By Gideon Isidro
By Jireh Calo
AT AGE 17, Jireh Calo was the keyboardist of the band Mann Atti, and together with her eldest sister Nicole, the band became a grand finalist in the Boy Katindig Jazz Competition. She had also qualified for, and was the Best Performance Awardee, of the very competitive and prestigious Elements National Singing & Songwriting Camp. At the age of 19, she represented the Philippines at the 2014 World Youth Jazz Festival in Putrajaya, Malaysia on top of her first EP, Jireh.
There was no shortage in the genres she explored, describing her first EP as “a mix of organic jazz, fusion, and hip-hop, touched with electronic elements.” She has dabbled in singing, song writing, keyboard, and music arrangement.
She’s almost done with her baccalaureate degree in Contemporary Writing and Production at the Berklee College of Music and has released a new EP titled Solid Ground. With two years of formal training now under her belt, how does her second EP stack up?
“Flame” opens with some keyboard and Calo singing, “Walk with me, barefoot along this path…” A very apt intro, very cleverly written, I thought, as Calo is pictured in the EP as barefoot in the middle of a forest path, as if she’s inviting you on a musical journey.

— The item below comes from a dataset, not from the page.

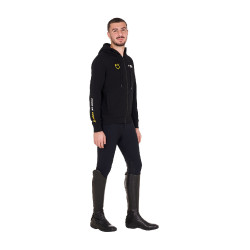 Moletom masculino Equestro Scuderia com capuz Preto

Just the opening made me realize that Solid Ground has a fuller timbre compared to her first EP. Although the music sounded clean in the previous EP, it lacked timbre in the baritone and tenor ranges. This gives it a hollow sound. In Solid Ground, you can hear the warm sound of the piano complementing Calo’s full bodied voice; it’s as if you were drinking creamed dark roast coffee coupled with that oh-so-sweet-and-warm caramel. Then, again, maybe it’s just my preference, but I think music is best served “warm.”
The opening is then broken by the cacophony of the other accompanying instruments. And the music plays out from there.
The next song’s title — “Be Still” — is most likely taken from Psalm 46:10’s, “Be still and know that I am God.”
After the meditative vocalization and guitar intro, Calo breaks with “Your ways are far beyond my own,” taken from Isaiah 55:8. She follows with “So I seek your face and I hear your voice,” which can be attributed to Isaiah 55:6.
I personally interpret this song as a declaration of Jireh’s trust in God’s faithfulness, despite the hardships she has faced or will face in life. It is theologically rich and may be appreciated by people who are believers and also love jazz. It’s a good song to remind you of where to put your faith in during difficult times.
Although “Sonder” and “In the Silence” are two different songs, I would say these middle tracks are similar because they mostly contain instrumentals. People who are into singing might not appreciate these two that much, but lovers of the more improvisational flavors of jazz would like to listen to this.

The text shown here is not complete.